Der zweite Grund, der hier angeführt wird, ist, dass ein solches Kontaktverbot materiell unverhältnismäßig sei. Auch hier werden durchaus zutreffend einige Dinge angeführt, die bei einer Abwägung zu berücksichtigen sind und möglicherweise vom Verordnungsgeber unzureichend berücksichtigt wurden/werden. Zunächst läuft die Argumentation des Amtsrichters wiederum darauf hinaus, dass zum Zeitpunkt der Verordnung des Kontaktverbots die Zahlen schon soweit rückläufig gewesen seien, dass man eine dringliche Gefährdung des Gesundheitssystems in der Frühjahrswelle bereits ausschließen konnte. Dieses Argument passt immerhin inhaltlich, sofern es sich auf die konkret zur Rede stehende Regelung bezieht. Aber das Gericht entfernt sich gegen Ende der Entscheidungsbegründung endgültig vom konkreten Verfahrensziel, indem nicht mehr nur das thüringische Kontaktverbot, sondern die staatlichen Maßnahmen zur Eindämmung der Pandemie viel umfassender als unverhältnismäßig beurteilt werden. Dazu wird dann mit den schon landläufig bekannten Behauptungen der Coronaskeptiker argumentiert. Hier sollte man der Argumentation des AG Weimar genauso viel (oder wenig) Gewicht einräumen wie anderen weniger wissenschaftlichen bzw unwissenschaftlichen Äußerungen in dieser Debatte – es ist schlicht ein Debattenbeitrag eines Amtsrichters aus Weimar.

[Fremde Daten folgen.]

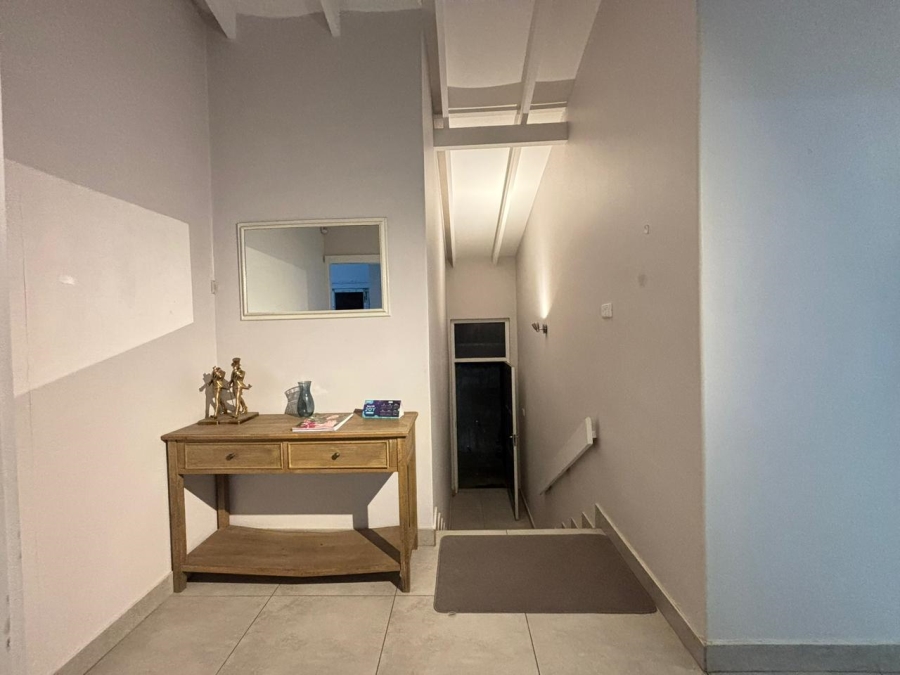 To Let 2 Bedroom Property for Rent in Dawncliffe KwaZulu-Natal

3. Die ganze Coronapolitik katastrophal falsch?
Sehr wenig an Überzeugungskraft bleibt übrig, wenn die Behauptungen des Gerichts schließlich in ein faktisch unangemessenes Fazit münden, das offenkundig völlig unbeeindruckt ist von der derzeitigen (Winter 2020/21) Pandemielage in Deutschland und weltweit:
„Nach dem Gesagten kann kein Zweifel daran bestehen, dass allein die Zahl der Todesfälle, die auf die Maßnahmen der Lockdown-Politik zurückzuführen sind, die Zahl der durch den Lockdown verhinderten Todesfälle um ein Vielfaches übersteigt. Schon aus diesem Grund genügen die hier zu beurteilenden Normen nicht dem Verhältnismäßigkeitsgebot. Hinzu kommen die unmittelbaren und mittelbaren Freiheitseinschränkungen, die gigantischen finanziellen Schäden, die immensen gesundheitlichen und die ideellen Schäden.“
Hiermit wird schlichtweg kontrafaktisch abgestritten , dass es die Pandemie sei, die diese Schäden potentiell oder real verursacht. Es wird ignoriert, dass Entscheidungen gerade zur Prävention getroffen werden und ihr Erfolg (Minimierung der Todesfälle) wird dann als Gegenargument ("war gar keine Pandemielage") in Anspruch genommen. Es werden weder die direkt durch die Maßnahmen verhinderten Todesfälle noch die indirekten positiven Folgen der Maßnahmen in Rechnung gestellt, noch wird geprüft, wie viele der immensen wirtschaftlichen Schäden (in einer Exportwirtschaft) gar nicht auf die konkreten thüringischen bzw. bundesdeutschen Maßnahmen zurückzuführen sind, sondern auf die weltweite Verbreitung des Virus. Und es wird eine Tatsache behauptet (vielfach erhöhte Todesfallanzahl), für die es außerhalb der Corona-Verschwörer-Szene keinen Beleg gibt. Das alles gehört m.E. nicht in ein Urteil.
(Hinweis: Im letzten Absatz stand ursprünglich "hiermit wird schlichtweg geleugnet..." Aus Gründen der Diskussionskultur habe ich "geleugnet" ersetzt durch "kontrafaktisch abgestritten", 27.01., 13.15 Uhr, sorry, dass ich das Wort "leugnen" politisch inkorrekt verwendet habe.)